▶ [Task prompt]: Take each line of the data that contains the string "Leather" and copy it.

▶ [Collection entries]:
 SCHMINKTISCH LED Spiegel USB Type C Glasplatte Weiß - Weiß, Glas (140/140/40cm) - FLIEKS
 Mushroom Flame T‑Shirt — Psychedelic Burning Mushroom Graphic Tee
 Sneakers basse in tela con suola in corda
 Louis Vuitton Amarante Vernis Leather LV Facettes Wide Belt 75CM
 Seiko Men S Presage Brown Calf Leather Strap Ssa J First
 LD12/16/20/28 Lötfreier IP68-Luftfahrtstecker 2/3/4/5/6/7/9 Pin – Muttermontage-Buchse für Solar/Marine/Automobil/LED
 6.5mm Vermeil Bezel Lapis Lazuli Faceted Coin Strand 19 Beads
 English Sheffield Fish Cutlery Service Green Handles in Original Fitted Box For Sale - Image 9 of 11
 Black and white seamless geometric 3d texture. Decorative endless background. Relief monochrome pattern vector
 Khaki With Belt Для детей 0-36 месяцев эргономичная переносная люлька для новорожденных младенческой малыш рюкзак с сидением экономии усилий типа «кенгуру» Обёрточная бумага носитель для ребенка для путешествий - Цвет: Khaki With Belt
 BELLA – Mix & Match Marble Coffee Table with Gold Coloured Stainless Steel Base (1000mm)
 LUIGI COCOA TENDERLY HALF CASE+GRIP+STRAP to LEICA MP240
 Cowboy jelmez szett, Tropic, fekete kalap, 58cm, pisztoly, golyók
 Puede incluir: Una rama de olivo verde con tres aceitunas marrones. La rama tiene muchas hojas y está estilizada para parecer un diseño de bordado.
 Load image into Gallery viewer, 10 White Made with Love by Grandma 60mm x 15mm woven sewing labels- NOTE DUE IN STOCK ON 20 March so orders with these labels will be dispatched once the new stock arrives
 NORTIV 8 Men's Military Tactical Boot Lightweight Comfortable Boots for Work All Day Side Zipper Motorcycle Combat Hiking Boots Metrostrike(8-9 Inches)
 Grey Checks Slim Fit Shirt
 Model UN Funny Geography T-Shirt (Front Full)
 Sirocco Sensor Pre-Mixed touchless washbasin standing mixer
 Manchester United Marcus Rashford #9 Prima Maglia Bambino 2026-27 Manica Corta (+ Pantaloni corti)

▶ [Task solution]:
 Louis Vuitton Amarante Vernis Leather LV Facettes Wide Belt 75CM
 Seiko Men S Presage Brown Calf Leather Strap Ssa J First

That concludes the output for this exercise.